▶ Activity
Please reproduce the entries that follow without a single difference.

◇ ◇ ◇ ◇

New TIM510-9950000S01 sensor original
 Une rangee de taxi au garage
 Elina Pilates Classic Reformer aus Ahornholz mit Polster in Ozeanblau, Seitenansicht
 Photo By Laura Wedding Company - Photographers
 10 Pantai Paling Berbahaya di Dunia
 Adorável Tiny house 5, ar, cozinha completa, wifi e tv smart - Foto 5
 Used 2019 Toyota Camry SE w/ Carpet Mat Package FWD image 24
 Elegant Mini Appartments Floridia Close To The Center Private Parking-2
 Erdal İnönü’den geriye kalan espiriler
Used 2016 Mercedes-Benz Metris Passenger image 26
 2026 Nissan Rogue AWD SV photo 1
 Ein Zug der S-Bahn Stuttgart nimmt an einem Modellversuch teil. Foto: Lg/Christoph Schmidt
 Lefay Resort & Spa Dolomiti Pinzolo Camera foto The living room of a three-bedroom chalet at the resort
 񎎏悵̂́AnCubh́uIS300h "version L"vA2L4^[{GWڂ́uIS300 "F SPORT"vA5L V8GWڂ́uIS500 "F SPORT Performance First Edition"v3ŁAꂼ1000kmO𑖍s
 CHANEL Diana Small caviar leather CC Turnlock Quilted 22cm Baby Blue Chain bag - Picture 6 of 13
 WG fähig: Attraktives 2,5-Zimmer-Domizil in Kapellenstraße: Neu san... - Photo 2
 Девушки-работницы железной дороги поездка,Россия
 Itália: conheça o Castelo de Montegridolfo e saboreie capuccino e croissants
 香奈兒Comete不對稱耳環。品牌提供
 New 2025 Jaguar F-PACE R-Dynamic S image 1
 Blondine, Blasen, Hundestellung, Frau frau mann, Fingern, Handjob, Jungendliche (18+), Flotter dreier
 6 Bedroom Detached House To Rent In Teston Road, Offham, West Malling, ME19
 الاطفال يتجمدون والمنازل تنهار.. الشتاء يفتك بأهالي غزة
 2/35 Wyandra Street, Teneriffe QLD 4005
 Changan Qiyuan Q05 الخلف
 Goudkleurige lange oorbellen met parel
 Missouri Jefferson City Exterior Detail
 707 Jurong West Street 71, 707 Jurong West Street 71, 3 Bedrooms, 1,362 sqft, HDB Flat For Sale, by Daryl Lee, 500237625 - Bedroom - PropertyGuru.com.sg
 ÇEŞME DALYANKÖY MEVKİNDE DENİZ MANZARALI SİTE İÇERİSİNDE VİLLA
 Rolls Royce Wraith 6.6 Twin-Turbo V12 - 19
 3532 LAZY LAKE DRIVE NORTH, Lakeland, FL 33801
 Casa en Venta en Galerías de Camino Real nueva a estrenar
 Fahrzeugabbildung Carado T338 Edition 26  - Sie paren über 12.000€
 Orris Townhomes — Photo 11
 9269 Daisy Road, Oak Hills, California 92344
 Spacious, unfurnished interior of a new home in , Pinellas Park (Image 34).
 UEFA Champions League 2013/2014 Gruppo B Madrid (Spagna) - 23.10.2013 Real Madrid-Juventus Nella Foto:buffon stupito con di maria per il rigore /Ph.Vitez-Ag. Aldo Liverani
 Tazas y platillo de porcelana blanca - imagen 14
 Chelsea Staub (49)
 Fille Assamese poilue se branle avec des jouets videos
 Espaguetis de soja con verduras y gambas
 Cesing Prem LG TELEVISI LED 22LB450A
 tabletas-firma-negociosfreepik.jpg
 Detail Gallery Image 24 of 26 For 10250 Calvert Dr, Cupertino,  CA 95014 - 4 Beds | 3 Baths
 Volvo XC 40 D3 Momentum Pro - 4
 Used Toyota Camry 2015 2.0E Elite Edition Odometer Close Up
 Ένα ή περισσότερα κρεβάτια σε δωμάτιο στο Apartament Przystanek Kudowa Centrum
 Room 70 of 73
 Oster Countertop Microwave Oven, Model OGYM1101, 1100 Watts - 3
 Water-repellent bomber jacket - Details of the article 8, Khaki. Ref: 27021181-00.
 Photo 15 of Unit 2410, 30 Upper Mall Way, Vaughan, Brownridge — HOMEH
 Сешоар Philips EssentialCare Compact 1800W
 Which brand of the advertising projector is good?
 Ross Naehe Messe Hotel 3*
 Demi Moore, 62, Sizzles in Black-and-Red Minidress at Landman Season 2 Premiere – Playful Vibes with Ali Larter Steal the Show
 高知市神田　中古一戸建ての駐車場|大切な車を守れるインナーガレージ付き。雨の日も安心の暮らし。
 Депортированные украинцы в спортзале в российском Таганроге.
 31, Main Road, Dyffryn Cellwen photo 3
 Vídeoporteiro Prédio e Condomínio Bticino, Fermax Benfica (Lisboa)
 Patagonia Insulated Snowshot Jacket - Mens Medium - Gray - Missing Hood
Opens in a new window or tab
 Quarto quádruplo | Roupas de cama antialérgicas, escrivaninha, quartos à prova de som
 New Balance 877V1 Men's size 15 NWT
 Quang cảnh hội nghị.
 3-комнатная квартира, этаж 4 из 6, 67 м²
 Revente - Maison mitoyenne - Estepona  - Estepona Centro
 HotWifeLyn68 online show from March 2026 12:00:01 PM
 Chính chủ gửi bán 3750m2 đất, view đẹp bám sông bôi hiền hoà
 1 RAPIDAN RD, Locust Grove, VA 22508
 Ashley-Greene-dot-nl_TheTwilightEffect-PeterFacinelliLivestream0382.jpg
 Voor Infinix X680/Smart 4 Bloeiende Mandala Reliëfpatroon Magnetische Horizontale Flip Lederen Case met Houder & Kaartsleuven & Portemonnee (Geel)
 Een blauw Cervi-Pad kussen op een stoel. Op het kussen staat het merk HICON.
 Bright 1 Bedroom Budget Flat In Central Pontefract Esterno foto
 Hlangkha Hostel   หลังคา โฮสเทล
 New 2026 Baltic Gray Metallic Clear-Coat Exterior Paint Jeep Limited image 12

◇ ◇ ◇ ◇

▶ Output below
New TIM510-9950000S01 sensor original
 Une rangee de taxi au garage
 Elina Pilates Classic Reformer aus Ahornholz mit Polster in Ozeanblau, Seitenansicht
 Photo By Laura Wedding Company - Photographers
 10 Pantai Paling Berbahaya di Dunia
 Adorável Tiny house 5, ar, cozinha completa, wifi e tv smart - Foto 5
 Used 2019 Toyota Camry SE w/ Carpet Mat Package FWD image 24
 Elegant Mini Appartments Floridia Close To The Center Private Parking-2
 Erdal İnönü’den geriye kalan espiriler
Used 2016 Mercedes-Benz Metris Passenger image 26
 2026 Nissan Rogue AWD SV photo 1
 Ein Zug der S-Bahn Stuttgart nimmt an einem Modellversuch teil. Foto: Lg/Christoph Schmidt
 Lefay Resort & Spa Dolomiti Pinzolo Camera foto The living room of a three-bedroom chalet at the resort
 񎎏悵̂́AnCubh́uIS300h "version L"vA2L4^[{GWڂ́uIS300 "F SPORT"vA5L V8GWڂ́uIS500 "F SPORT Performance First Edition"v3ŁAꂼ1000kmO𑖍s
 CHANEL Diana Small caviar leather CC Turnlock Quilted 22cm Baby Blue Chain bag - Picture 6 of 13
 WG fähig: Attraktives 2,5-Zimmer-Domizil in Kapellenstraße: Neu san... - Photo 2
 Девушки-работницы железной дороги поездка,Россия
 Itália: conheça o Castelo de Montegridolfo e saboreie capuccino e croissants
 香奈兒Comete不對稱耳環。品牌提供
 New 2025 Jaguar F-PACE R-Dynamic S image 1
 Blondine, Blasen, Hundestellung, Frau frau mann, Fingern, Handjob, Jungendliche (18+), Flotter dreier
 6 Bedroom Detached House To Rent In Teston Road, Offham, West Malling, ME19
 الاطفال يتجمدون والمنازل تنهار.. الشتاء يفتك بأهالي غزة
 2/35 Wyandra Street, Teneriffe QLD 4005
 Changan Qiyuan Q05 الخلف
 Goudkleurige lange oorbellen met parel
 Missouri Jefferson City Exterior Detail
 707 Jurong West Street 71, 707 Jurong West Street 71, 3 Bedrooms, 1,362 sqft, HDB Flat For Sale, by Daryl Lee, 500237625 - Bedroom - PropertyGuru.com.sg
 ÇEŞME DALYANKÖY MEVKİNDE DENİZ MANZARALI SİTE İÇERİSİNDE VİLLA
 Rolls Royce Wraith 6.6 Twin-Turbo V12 - 19
 3532 LAZY LAKE DRIVE NORTH, Lakeland, FL 33801
 Casa en Venta en Galerías de Camino Real nueva a estrenar
 Fahrzeugabbildung Carado T338 Edition 26  - Sie paren über 12.000€
 Orris Townhomes — Photo 11
 9269 Daisy Road, Oak Hills, California 92344
 Spacious, unfurnished interior of a new home in , Pinellas Park (Image 34).
 UEFA Champions League 2013/2014 Gruppo B Madrid (Spagna) - 23.10.2013 Real Madrid-Juventus Nella Foto:buffon stupito con di maria per il rigore /Ph.Vitez-Ag. Aldo Liverani
 Tazas y platillo de porcelana blanca - imagen 14
 Chelsea Staub (49)
 Fille Assamese poilue se branle avec des jouets videos
 Espaguetis de soja con verduras y gambas
 Cesing Prem LG TELEVISI LED 22LB450A
 tabletas-firma-negociosfreepik.jpg
 Detail Gallery Image 24 of 26 For 10250 Calvert Dr, Cupertino,  CA 95014 - 4 Beds | 3 Baths
 Volvo XC 40 D3 Momentum Pro - 4
 Used Toyota Camry 2015 2.0E Elite Edition Odometer Close Up
 Ένα ή περισσότερα κρεβάτια σε δωμάτιο στο Apartament Przystanek Kudowa Centrum
 Room 70 of 73
 Oster Countertop Microwave Oven, Model OGYM1101, 1100 Watts - 3
 Water-repellent bomber jacket - Details of the article 8, Khaki. Ref: 27021181-00.
 Photo 15 of Unit 2410, 30 Upper Mall Way, Vaughan, Brownridge — HOMEH
 Сешоар Philips EssentialCare Compact 1800W
 Which brand of the advertising projector is good?
 Ross Naehe Messe Hotel 3*
 Demi Moore, 62, Sizzles in Black-and-Red Minidress at Landman Season 2 Premiere – Playful Vibes with Ali Larter Steal the Show
 高知市神田　中古一戸建ての駐車場|大切な車を守れるインナーガレージ付き。雨の日も安心の暮らし。
 Депортированные украинцы в спортзале в российском Таганроге.
 31, Main Road, Dyffryn Cellwen photo 3
 Vídeoporteiro Prédio e Condomínio Bticino, Fermax Benfica (Lisboa)
 Patagonia Insulated Snowshot Jacket - Mens Medium - Gray - Missing Hood
Opens in a new window or tab
 Quarto quádruplo | Roupas de cama antialérgicas, escrivaninha, quartos à prova de som
 New Balance 877V1 Men's size 15 NWT
 Quang cảnh hội nghị.
 3-комнатная квартира, этаж 4 из 6, 67 м²
 Revente - Maison mitoyenne - Estepona  - Estepona Centro
 HotWifeLyn68 online show from March 2026 12:00:01 PM
 Chính chủ gửi bán 3750m2 đất, view đẹp bám sông bôi hiền hoà
 1 RAPIDAN RD, Locust Grove, VA 22508
 Ashley-Greene-dot-nl_TheTwilightEffect-PeterFacinelliLivestream0382.jpg
 Voor Infinix X680/Smart 4 Bloeiende Mandala Reliëfpatroon Magnetische Horizontale Flip Lederen Case met Houder & Kaartsleuven & Portemonnee (Geel)
 Een blauw Cervi-Pad kussen op een stoel. Op het kussen staat het merk HICON.
 Bright 1 Bedroom Budget Flat In Central Pontefract Esterno foto
 Hlangkha Hostel   หลังคา โฮสเทล
 New 2026 Baltic Gray Metallic Clear-Coat Exterior Paint Jeep Limited image 12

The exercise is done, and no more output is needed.